How to Set HDFS Path for Pipeline
Issue
Setting the path for external tables while building the pipelines.
An error message related to target HDFS path used in pipelines targets might be displayed. This is because the Infoworks might not allow the user to set some path due to conflicts.
Following are the details on the possible issues:
User must provide the target HDFS path for the following sections:
- providing path for DF pipeline
- resolving path issues while building pipelines
Consider a pipeline, pipelines_1_customer, created with target table, customer, and with the following settings:
- Schema Name: Customer_details
- HDFS path: /storage/data/analytics/customer
Consider creating another pipeline, pipelines_2_customer, with target table customer_analysis, with the following settings:
- Schema Name: Customer_details
- HDFS path: /storage/data/analytics/customer
After saving and running, the following error message might be displayed:
The HDFS path you provided is conflicting with an existing entity (path: //storage/data/analytics/customer target: “/storage/data/analytics//customer” in pipeline pipelines_2_customer” [domain: “Customer_details”]). Please choose a different HDFS path).
Cause
Following are the reasons:
Hive metastore stores the path for given Hive table and the path, /storage/data/analytics/customer, is already been used by the target table Customer inpipeline_1_customer. When the pipeline_2_customer is built, the same path, /storage/data/analytics/customer, is used. This is not supported by Hive metastore, hence an issue occurs in the backend when the pipeline is run.
Solution
Ensure that you provide a new target HDFS path instead of the existing path.

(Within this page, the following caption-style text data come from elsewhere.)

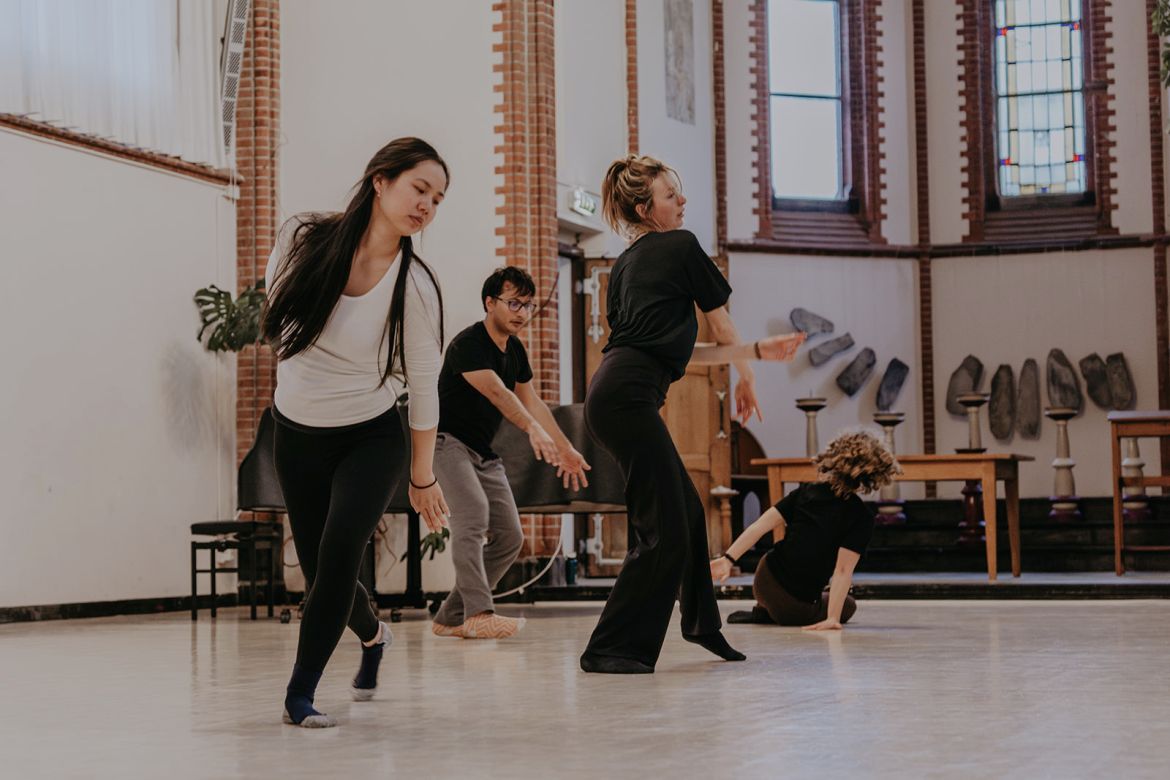 Modern Dance Classes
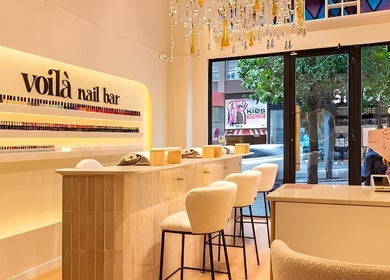 Elegant interior of Voilà Nails And Beauty Gijón, featuring plush seating and chic decor, Gijón, ES.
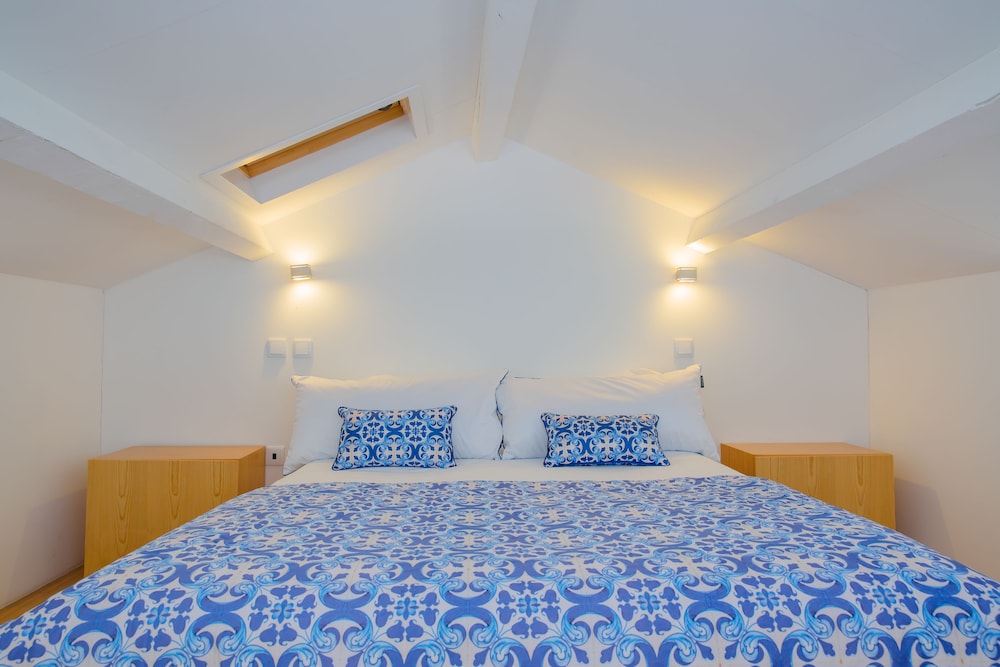 1 BEDROOM, DUPLEX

In the above mentioned issue, the path can be used as /storage/data/analytics/customer_1 or /storage/data/analytics/customer_analysis to avoid the conflict.
Also, before naming the path, check the existing names/directories/files available in the target path by using the following command:
hadoop fs -ls /path/target_directory_for_target_table
This provides the available files present in the directory and helps to avoid the conflict with existing file names.